■ WORK REQUEST ■
Please report the number of lines in the entries below that contain "Blue", with nothing added.

Data extracted from a collection:
+ + + + + + +

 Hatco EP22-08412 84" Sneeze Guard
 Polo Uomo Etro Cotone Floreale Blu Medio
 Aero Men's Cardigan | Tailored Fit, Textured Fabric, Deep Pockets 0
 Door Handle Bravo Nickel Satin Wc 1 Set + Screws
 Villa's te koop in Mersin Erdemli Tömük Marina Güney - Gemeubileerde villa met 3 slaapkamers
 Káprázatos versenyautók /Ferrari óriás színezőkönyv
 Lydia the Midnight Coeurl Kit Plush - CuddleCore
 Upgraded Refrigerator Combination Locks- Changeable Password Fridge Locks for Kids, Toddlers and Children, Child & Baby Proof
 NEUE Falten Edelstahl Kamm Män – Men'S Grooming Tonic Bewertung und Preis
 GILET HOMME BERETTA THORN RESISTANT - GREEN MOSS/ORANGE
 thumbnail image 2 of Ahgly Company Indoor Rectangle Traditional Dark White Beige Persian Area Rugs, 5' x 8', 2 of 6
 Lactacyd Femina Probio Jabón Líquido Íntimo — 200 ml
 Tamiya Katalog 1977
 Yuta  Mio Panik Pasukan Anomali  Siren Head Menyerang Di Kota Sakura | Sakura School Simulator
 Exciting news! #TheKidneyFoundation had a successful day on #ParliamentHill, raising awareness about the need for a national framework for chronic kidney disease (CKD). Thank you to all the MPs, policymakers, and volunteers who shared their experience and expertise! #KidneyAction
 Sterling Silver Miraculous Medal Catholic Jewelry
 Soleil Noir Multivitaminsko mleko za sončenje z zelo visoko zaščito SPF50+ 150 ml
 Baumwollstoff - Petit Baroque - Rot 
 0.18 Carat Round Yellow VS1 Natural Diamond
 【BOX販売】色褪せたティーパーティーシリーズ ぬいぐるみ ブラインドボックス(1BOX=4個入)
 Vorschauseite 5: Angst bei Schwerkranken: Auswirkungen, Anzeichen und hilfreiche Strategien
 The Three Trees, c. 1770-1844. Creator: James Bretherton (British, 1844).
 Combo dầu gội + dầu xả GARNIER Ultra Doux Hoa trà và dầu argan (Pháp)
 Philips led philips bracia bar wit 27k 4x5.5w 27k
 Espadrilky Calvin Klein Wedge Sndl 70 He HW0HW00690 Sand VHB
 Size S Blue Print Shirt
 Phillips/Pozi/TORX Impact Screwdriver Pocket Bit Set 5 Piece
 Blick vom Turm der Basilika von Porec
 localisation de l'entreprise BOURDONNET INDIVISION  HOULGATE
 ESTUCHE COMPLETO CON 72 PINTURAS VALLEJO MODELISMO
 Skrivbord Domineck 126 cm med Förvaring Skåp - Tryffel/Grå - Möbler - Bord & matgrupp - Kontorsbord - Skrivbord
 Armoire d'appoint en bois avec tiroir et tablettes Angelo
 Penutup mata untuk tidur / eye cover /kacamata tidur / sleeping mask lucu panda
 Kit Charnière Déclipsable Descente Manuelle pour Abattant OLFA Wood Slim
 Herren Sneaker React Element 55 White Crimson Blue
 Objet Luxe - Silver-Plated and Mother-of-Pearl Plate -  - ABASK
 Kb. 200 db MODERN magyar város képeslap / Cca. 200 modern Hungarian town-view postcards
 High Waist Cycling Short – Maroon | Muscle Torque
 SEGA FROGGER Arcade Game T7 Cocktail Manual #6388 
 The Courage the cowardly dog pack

+ + + + + + +

■ EXERCISE ANSWER ■
2